January 7, 2011 7:15 AM Subscribe
I use Anki
as a flashcard program to learn languages. I have an XML file
of an open source English-Swedish dictionary. I'd like to turn this file into a text file that Anki can import
I know nothing about XML files (I don't even quite know what to open it with. OSX tries to use Adobe Illustrator, but surely that can't be right?). Is there any way to do this more or less easily?
posted by snoogles to Computers & Internet (12 answers total) 7 users marked this as a favorite
Below is an example of the entry for the word "ord", meaning "word", as displayed on the website.
The current format that I use for my cards includes fields for the word in Swedish, the definition, the inflections, and examples. It would already be fantastic to be able to extract this data from the XML file and produce a comma, semicolon or tab-separated text file.
Even better would be to have a way to extract all the idioms, and separate the ones from the same entry every time there is a comma.
Even more amazing (but now entering the realm of language learning OCD) would be to automatically capitalize the example sentences and add a period at the end of the sentence (which is indicated by a space followed by an opening bracket) if there's no other punctuation mark.
Being able to do this would save me a considerable amount of time. I'm therefore ready to commit a reasonable amount of effort to making it work...
Can anyone the best tools for this (preferably on OSX, but I can find a computer that runs Windows if necessary)?

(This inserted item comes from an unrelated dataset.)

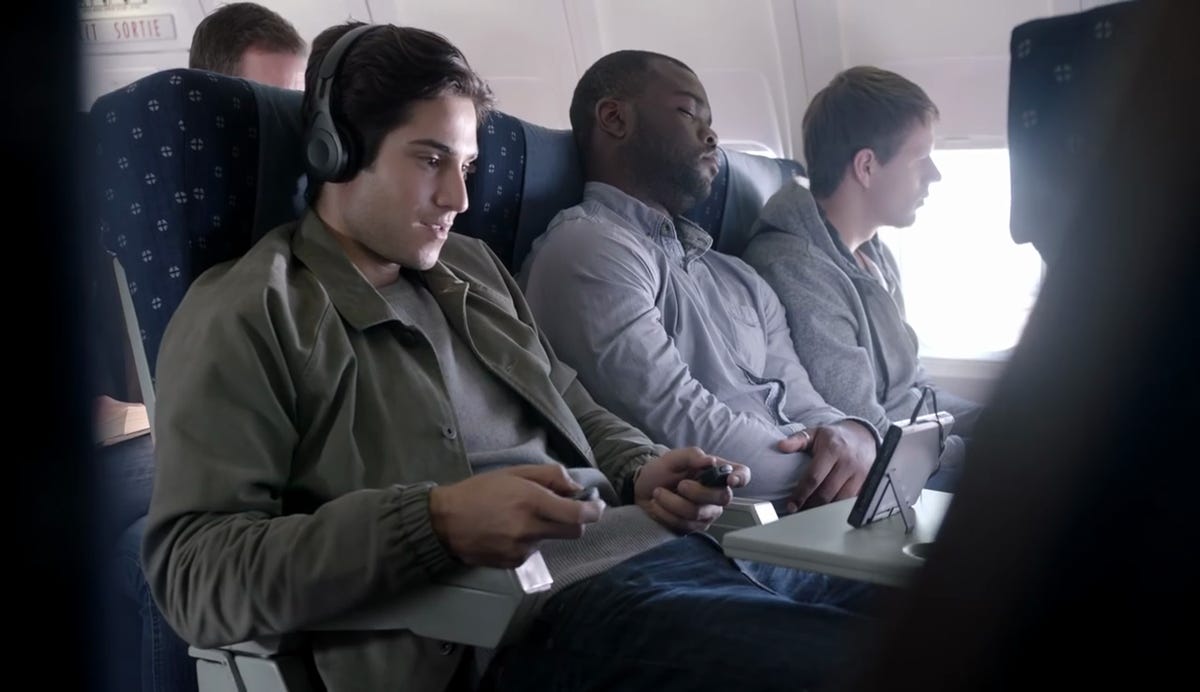 Nintendo's Switch owner playing on an airplane. Looks super fun, right?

If you can't/don't want to walk me through how to do this step by step, what are some good tutorials that might help me figure it out?
ord noun, word
See Saldo: associations inflections
Inflections: ordet, ord, orden
Synonyms: glosa, glosor
Explanation: minsta självständiga språkliga enhet
Example: fula ord (foul language, swearwords),
säg inte ett ord till någon! (don't say a word to anyone!)
Idiom: med andra ord ("annorlunda uttryckt") (in other words ("put in another way")),
ord för ord ("ordagrant") (word for word ("literally verbatim")),
ha ord om sig ("vara känd för") att vara snål (be known to be mean),
innan man vet ordet av ("mycket snabbt") (before I knew where I was ("very quickly")),
ta till orda ("börja tala") (begin to speak),
hålla sitt ord ("hålla vad man lovat") (keep one's word ("do what one has promised")),
begära el. ha ordet ("vilja hålla el. hålla ett anförande") (ask to speak (ask for the floor) or have the floor ("want to address, or address, a gathering")),
ordet är fritt ("vem som helst får yttra sig") (the debate is open ("anyone may speak")),
ta någon på orden ("tro på vad någon säger") (take sby at their word ("believe what sby says")),
ha sista ordet ("vara den som bestämmer") (have the last word ("be the one to decide"))
Compounds: glåpord (taunt, jeer),
ord|följd (word order),
ord|lista (word list, glossary)